Over the past 6 months, mostly due to the ongoing global pandemic, the video app Zoom has experienced a surging success, one that very few companies could even dream of achieving. It has actually become a term on its own, from “getting on a Zoom”, “we have a Zoom”, Zoom this”, “Zoom that”, and many other variations of Skype-like video meetings online.
The man responsible for the catchy name is Jim Scheinman, who is a Founding Managing Partner at Maven Ventures. Scheinman reveals the story behind the trendy name, what made him decide to invest in startups, and what are his thoughts regarding the Israeli CEOs that he’s met. You can only guess which platform was used for the interview.
The name came from a children's book
Scheinman, an entrepreneur himself and over the past 12 years has moved to the investing side, interviewed at a master class held at the IDC Herzliya university’s entrepreneurship program. In a conversation with Vice Dean Dr. Yossi Maarvi and head of the entrepreneurship and the Upstart program Dr. Gali Einav, Scheinman explains that after conquering the user side, Zoom is aiming to be the next major platform for software developers: “Zoom applications are going to be the next big thing. It’s relevant for schools and enterprises for social gatherings and more. I predicted this two years ago, but due to COVID-19 I realized that now is the best time.”
This statement is not only backed with words, but also with capital. Scheinman tells that his fund has already invested in startups that develop Zoom dedicated applications. Down the development pipeline is an in-video button, where companies can fundraise or donate in real-time; a company that optimizes tasks and scheduling operations through Zoom; and a company developing a virtual conference networking platform for Zoom - while viewing a lecture, you can start a “side” chat with other conference viewers, with the main talk going on in the background.
The connection was made through mutual investment in an Israeli startup
Scheinman explained that he had met Zoom founder, Eric Yuan, when the two both invested in the chat app Tango Me, which was developed by Israeli entrepreneur Uri Raz” “There was no belief back then that Zoom would succeed, the video chat market seemed to be dominated by other channels like Skype and others. However, none of these options really rose to the challenge, thus opening an opportunity to take over. This was my thought, but even then, we were turned away from every major VC. Only when we hit our Series D did everyone realize that something major is happening.”

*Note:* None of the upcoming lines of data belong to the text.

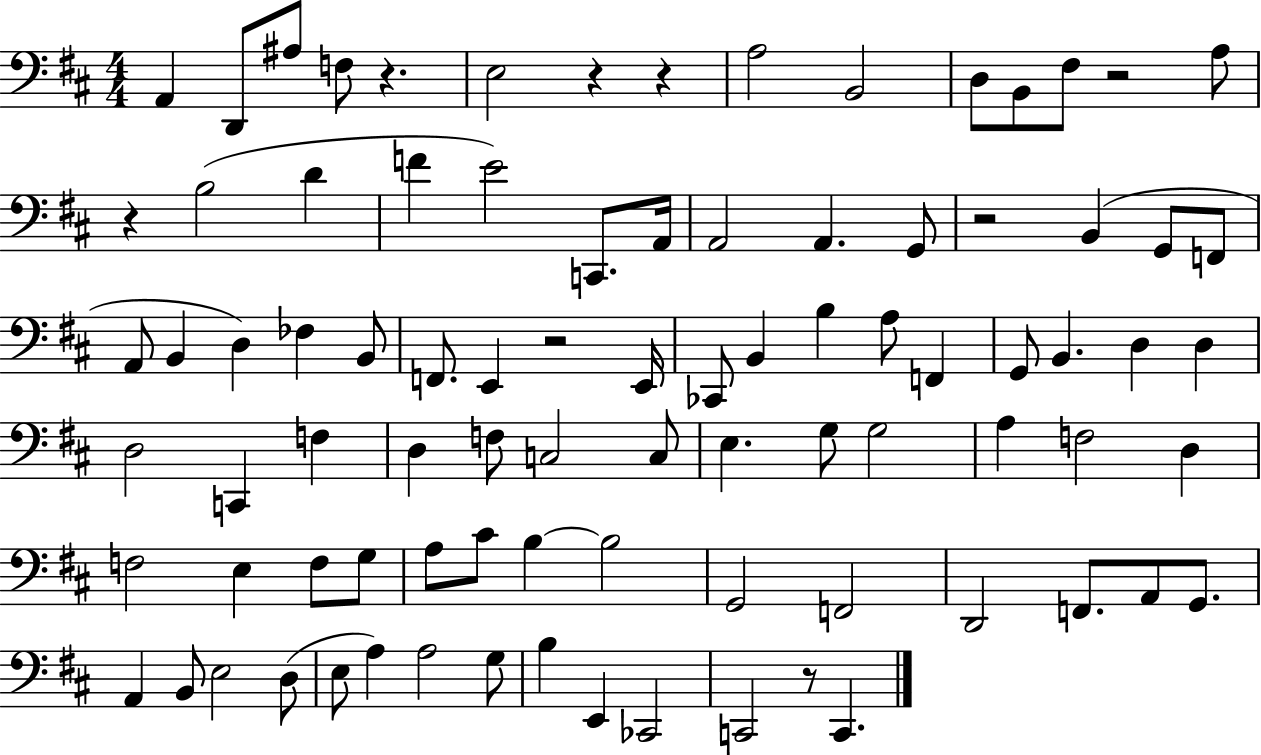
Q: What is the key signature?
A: D major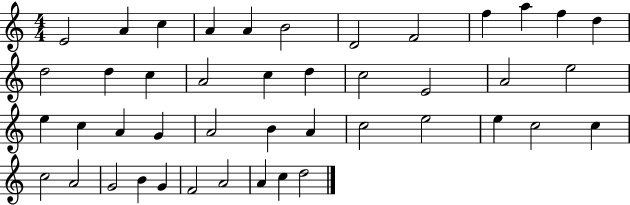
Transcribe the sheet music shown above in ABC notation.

X:1
T:Untitled
M:4/4
L:1/4
K:C
E2 A c A A B2 D2 F2 f a f d d2 d c A2 c d c2 E2 A2 e2 e c A G A2 B A c2 e2 e c2 c c2 A2 G2 B G F2 A2 A c d2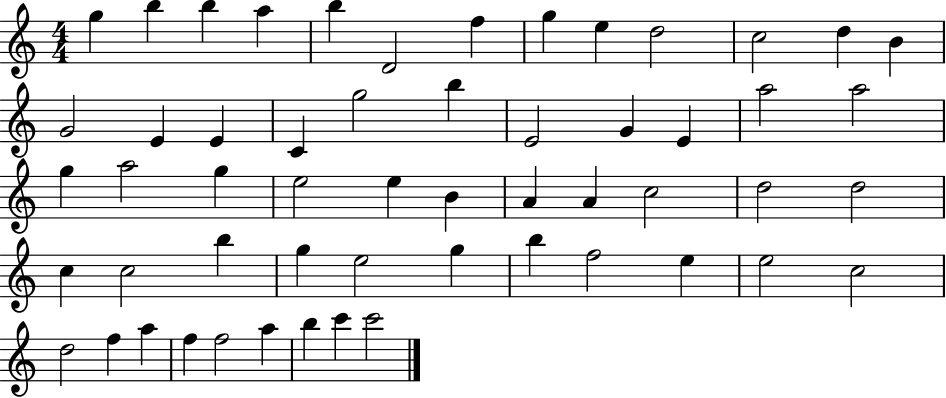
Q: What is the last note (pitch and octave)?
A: C6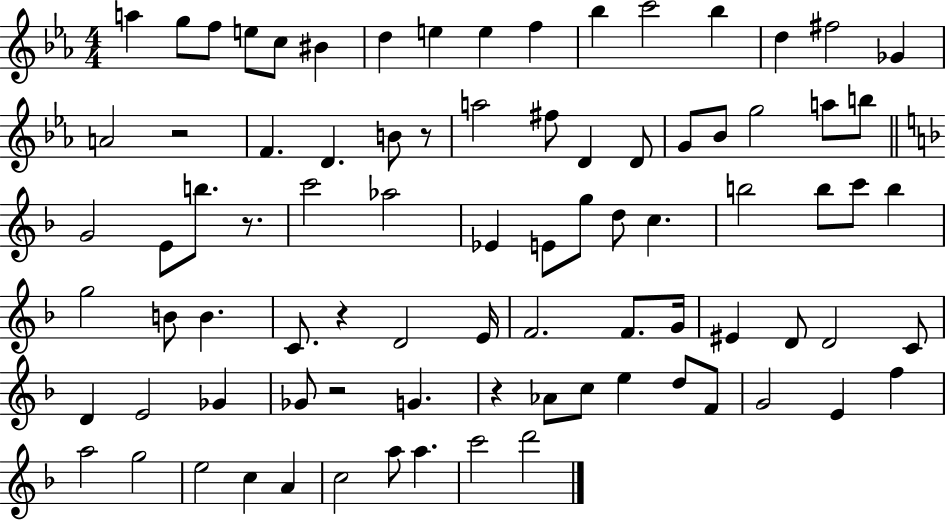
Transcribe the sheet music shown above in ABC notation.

But, we all want to know how he thought of the name Zoom, which wasn’t the first choice: “When Eric Yuan asked me about the name - Saasbee - which he was considering, I told him to imagine a decade into the future, will people say: can you Saasbee me? I didn’t think so. Then I gave him 3 options, and he picked Zoom as his favorite. The name actually came from a book that we read to our kids at the time: Zoom City.” Eric and the investors loved the name, but the lawyers were the ones who initially objected: “The lawyers said that we’d never get the copyrights or the zoom.com domain, but I said that if the company succeeds, then people typing the word Zoom in Google will find us.” By the way, this the reason that the company’s domain is still zoom.us.
“Loves investing in Israeli CEOs”
Maven Ventures, which is headed by Scheinman, makes between 7-8 investments a year through its now 3rd fund, totaling $65 million. The VC fund predominantly invests in early-stage startups, with Scheinman mentioning that “all we need is two or three founders and an idea.” The fund focuses on Consumer-Facing technologies, and according to Scheinman, he chooses startups based on 10 different filters, with one of the key ones being that entrepreneurs that want his capital must show complete dedication and passion to the idea that they’re pitching. “Entrepreneurs that are just looking to push an idea, usually don’t work out. The best type of founders are those with a story like ‘I worked for Google and saw that they’re not solving a specific problem, so me and a friend left to develop a solution’,” notes Scheinman.
Another characteristic that he searches for in entrepreneurs is that they want and are able to accept insight from others. “For example, Eric Yuan truly believed that he could learn from his team members.”
A true supporter of the Israeli ecosystem
Scheinman also mentioned his views on Israeli startups or startups led by Israelis by saying that the fund loves investing in Israeli CEOs: “Usually at least one or two companies a year that we invest in are led by Israelis. We haven’t invested in Israeli CEOs that have remained in Israel yet, but that shouldn’t keep entrepreneurs from coming to us. I am a big supporter of Israel’s ecosystem, and would always love the chance to invest in companies with an Israeli technical team.”